- Information -
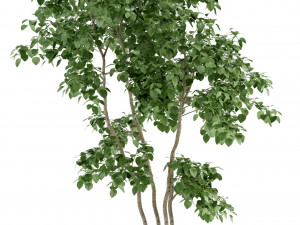 plants collection 96 3D Модель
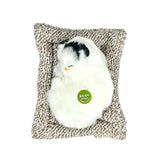 Load image into Gallery viewer, Realistic Kitten - 15cm x 17cm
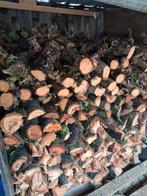 Haardhout, Tuin en Terras, Minder dan 3 m³, Ophalen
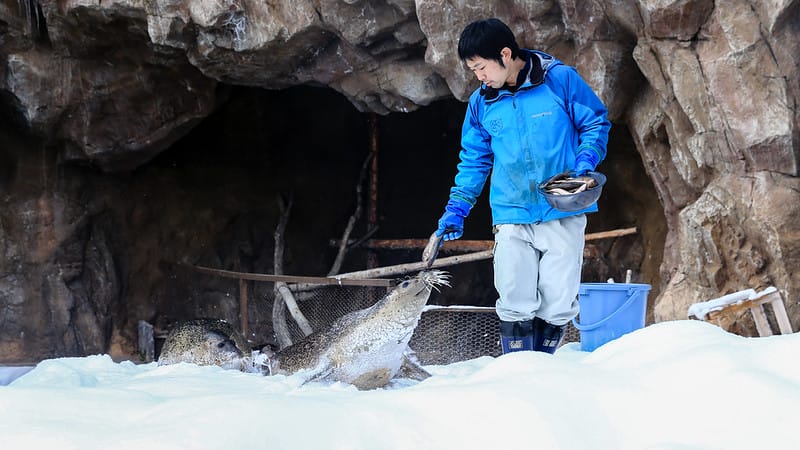 2020 到北海道千萬不要錯過!必訪!錯過會後悔的旭川動物園!!! - 第101張圖 IMG_7238-2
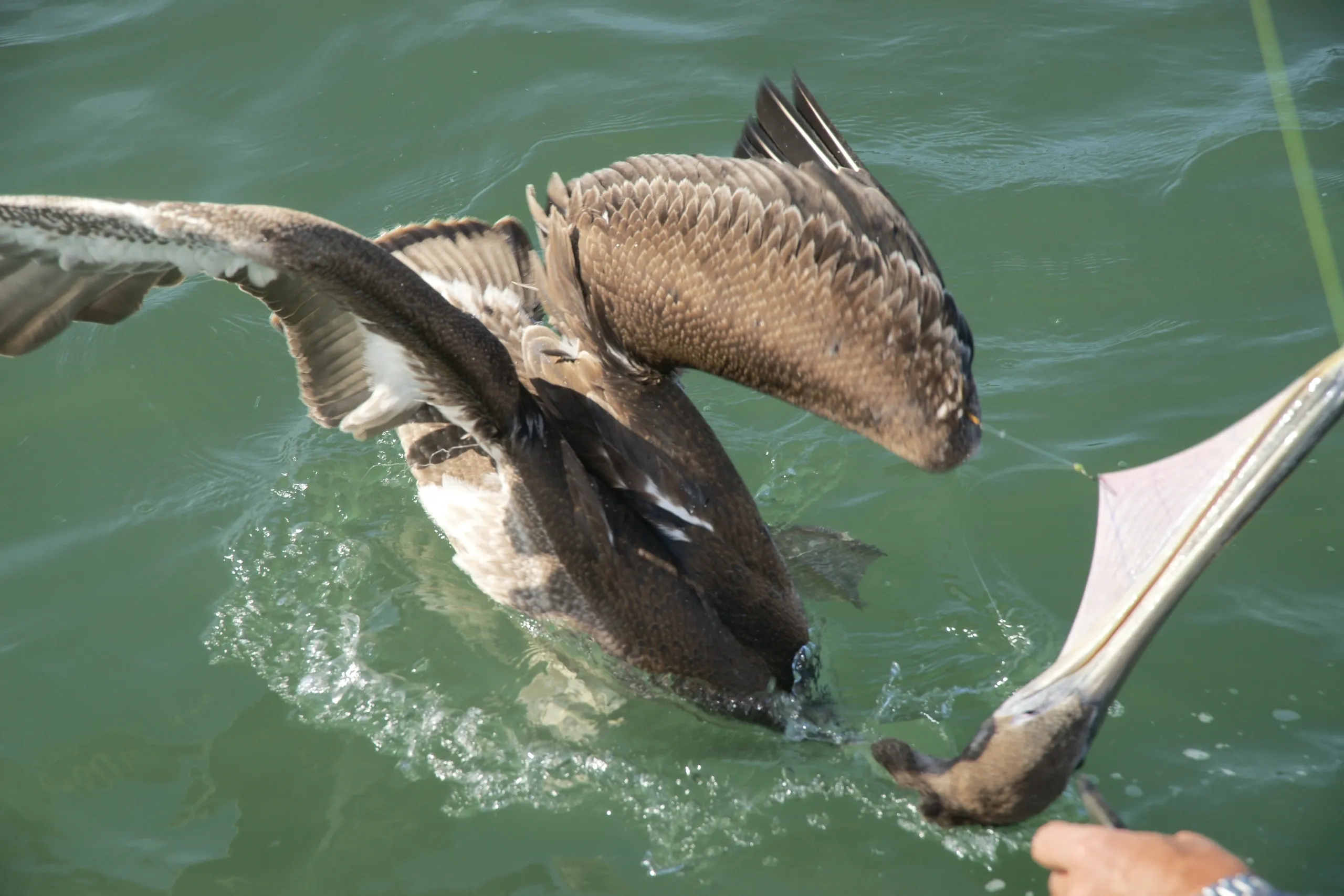 You are currently viewing #30 Born under a bad sign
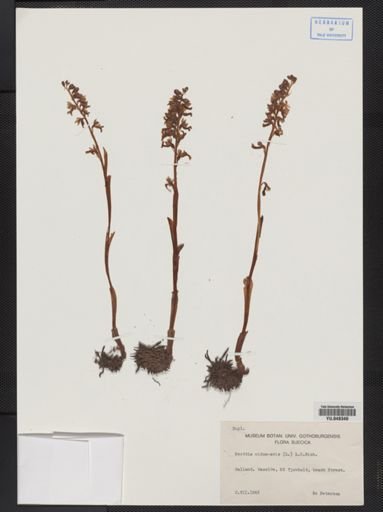 Neottia nidus-avis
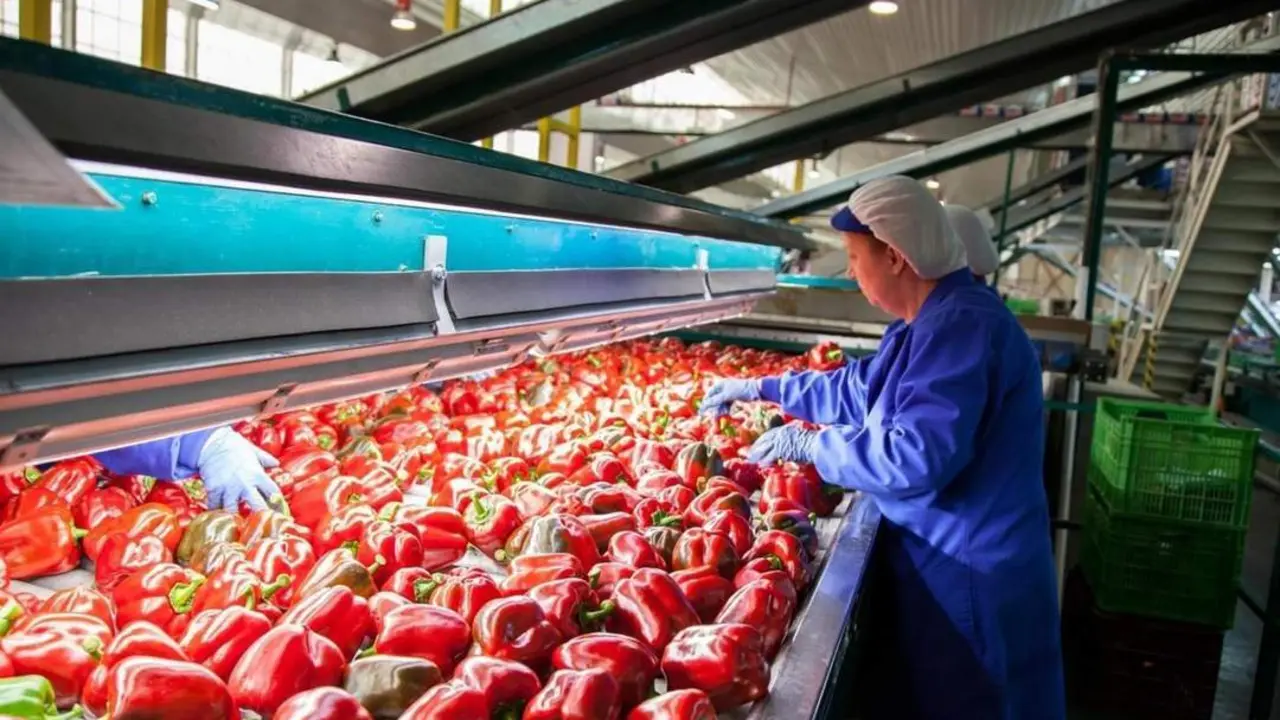 El sector agroindustrial es el que m&aacute;s peso tiene en el cooperativismo andaluz. - E. P.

- Assignment -
Images stay out, but the rest of the records must be retyped exactly.

- Task answer -
 plants collection 96 3D Модель
 Load image into Gallery viewer, Realistic Kitten - 15cm x 17cm
 Haardhout, Tuin en Terras, Minder dan 3 m³, Ophalen
 2020 到北海道千萬不要錯過!必訪!錯過會後悔的旭川動物園!!! - 第101張圖 IMG_7238-2
 You are currently viewing #30 Born under a bad sign
 Neottia nidus-avis
 El sector agroindustrial es el que m&aacute;s peso tiene en el cooperativismo andaluz. - E. P.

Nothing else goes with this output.